- Interactive map of the mountain

Highest point
- Elevation: 1,831 m (6,007 ft)
- Prominence: 77 m (253 ft)
- Isolation: 1.9 km (1.2 mi)
- Coordinates: 62°18′57″N 8°58′32″E﻿ / ﻿62.31578°N 8.97551°E

Geography
- Location: Innlandet, Norway
- Parent range: Dovrefjell

= Lågvasstinden =

Mountain in Lesja, Norway

Lågvasstinden is a mountain in Lesja Municipality in Innlandet county, Norway. The 1831 m tall mountain lies within Dovrefjell-Sunndalsfjella National Park, about 22 km northeast of the village of Lesja.

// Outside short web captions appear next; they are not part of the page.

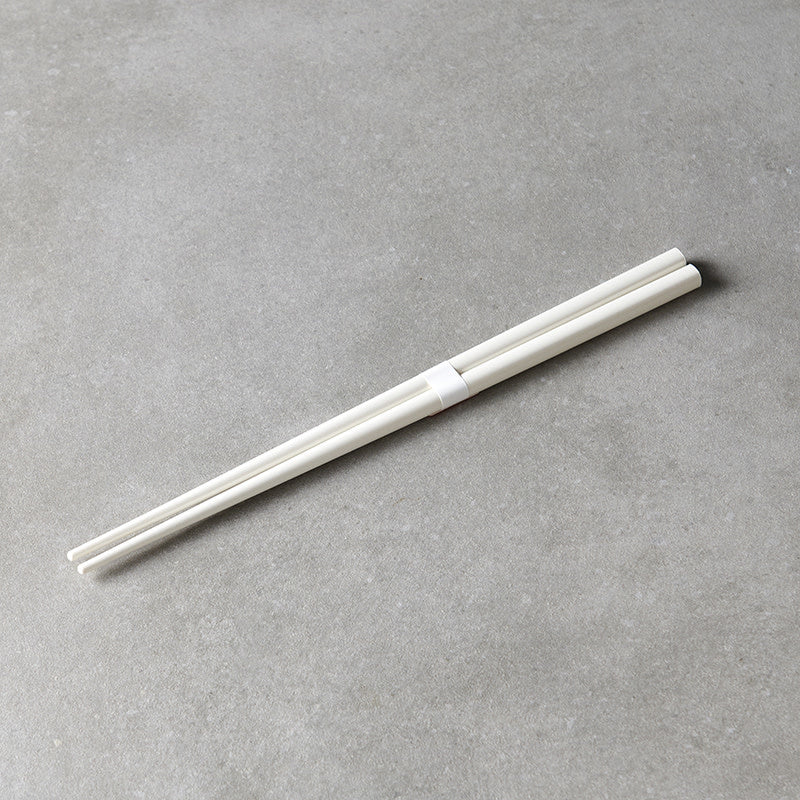Chopsticks White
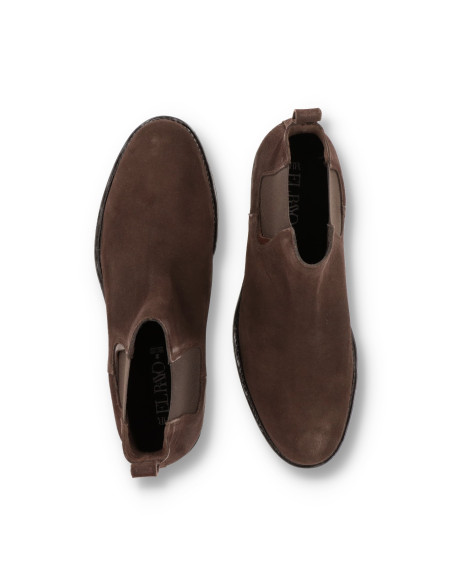 RAYO BASIC 40524-S - Botín Chelsea Botas y botines - Imagen 6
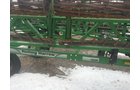 Property photo 17 - FARM EQUIPMENT AUCTION IN CASS COUNTY, MICHIGAN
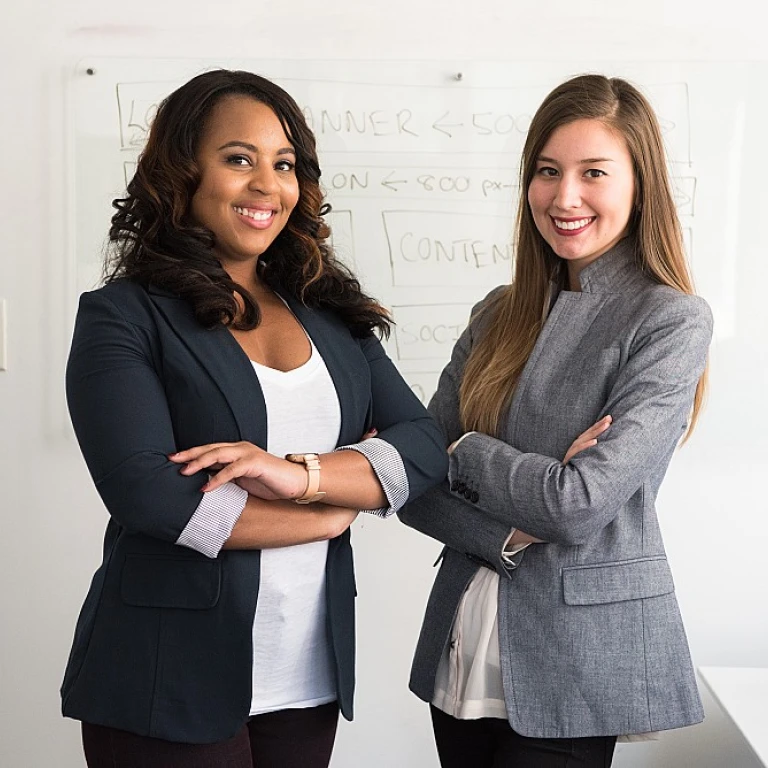 Exploring Pathways Beyond Traditional College Education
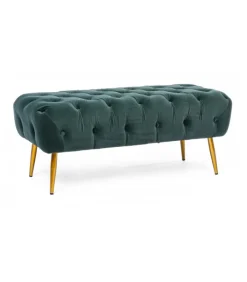 Sale CONTEMPORARY STYLE GIACINTA VERDE PA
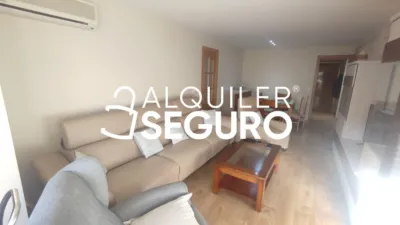 Piso en alquiler en Fuencarral - Imagen 9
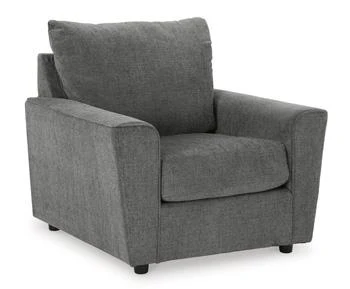 Stairatt Living Room Set - Image 13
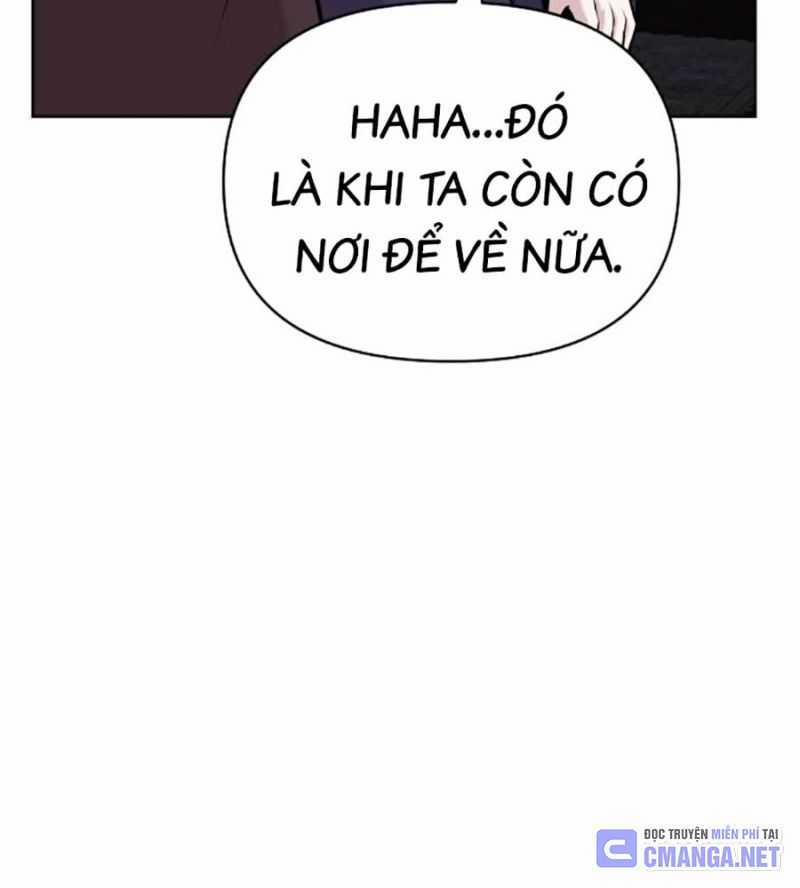 Tiểu Tử Đáng Ngờ Lại Là Cao Thủ 44 trang 43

The mountain is surrounded by several other mountains including Grøvudalstinden which is about 4 km to the north, Salhøa which is about 5 km to the northeast, Skuleggen which is 8 km to the northeast, Drugshøe which is about 7.5 km to the east, Mjogsjøhøe which is about 8.5 km to the southeast, Hatten which lies about 11 km to the south, Stortverråtinden and Vesltverråtinden which are about 3 km to the southwest, Høgtunga which is about 4.3 km to the west, and Eggekollan and Grønliskarstinden which are about 7.5 km to the northwest.